Demand remains strong, though first-time affordability, tech toys and demographic changes beckon competitive builders.
NAHB research indicates a marginal decline to 994,000 new home sales in 2004, as housing starts decline 80,000 to 1.7 million. In turn, single-family housing starts are expected to decline 50,000 to 1.4 million while multifamily starts dip by 25,000.
Still big numbers, true, but a paltry drop in what promises to be another stratospheric year.
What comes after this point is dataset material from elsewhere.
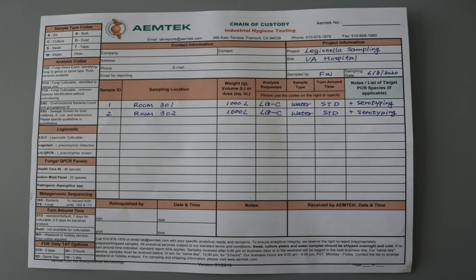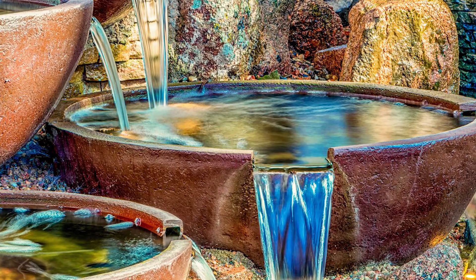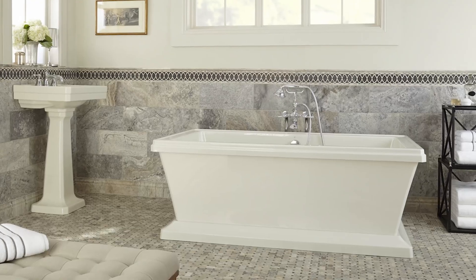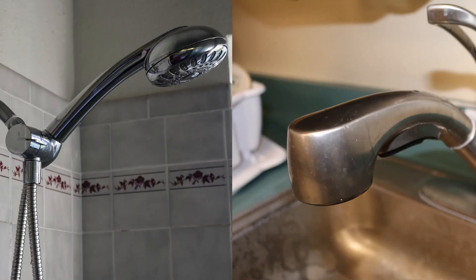Some locations to consider while sampling Legionella biofilm include showers, faucets, decorative fountains, tubs, and humidifiers. We recommend showers and faucets as starting points. We'll now demonstrate how to take biofilm swab samples.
Demand remains far from tapped out for builders seeking to lure buyers in the new and existing home markets.
A steady decline of first-time buyers, from 48% during the 1982-83 housing recession to 26% today, does not spell doom for demand, says Gopal Ahluwalia, vice president of research with the NAHB.
Citing the 35 million renters nationwide and the recent annual formation of 1.2 million households counted by the National Association of Realtors, he adds: "Of the more than 6 million existing homes sold in 2002, 42% were to first-time buyers.
"So is there demand for first-time home buyers? Yes. But the main issue may be affordability."
Bells and Whistles
Move-up buyers account for roughly one-quarter of new home sales and are prime targets for technological innovations that distinguish builders' offerings from each other as well as harder-to-retrofit existing homes.
"People like all the bells and whistles," Ahluwalia says.
Almost 80% of builders report offering structured wiring in their homes (using Category 5 cable and an RG-6 coaxial cable to at least three rooms in the home), and it's now being installed in 42% of new homes, according to NAHB research. Other technologies, too, are coming on strong (see chart).
Additional lifestyle-satisfying cues can be found in a different sort of technology: materials.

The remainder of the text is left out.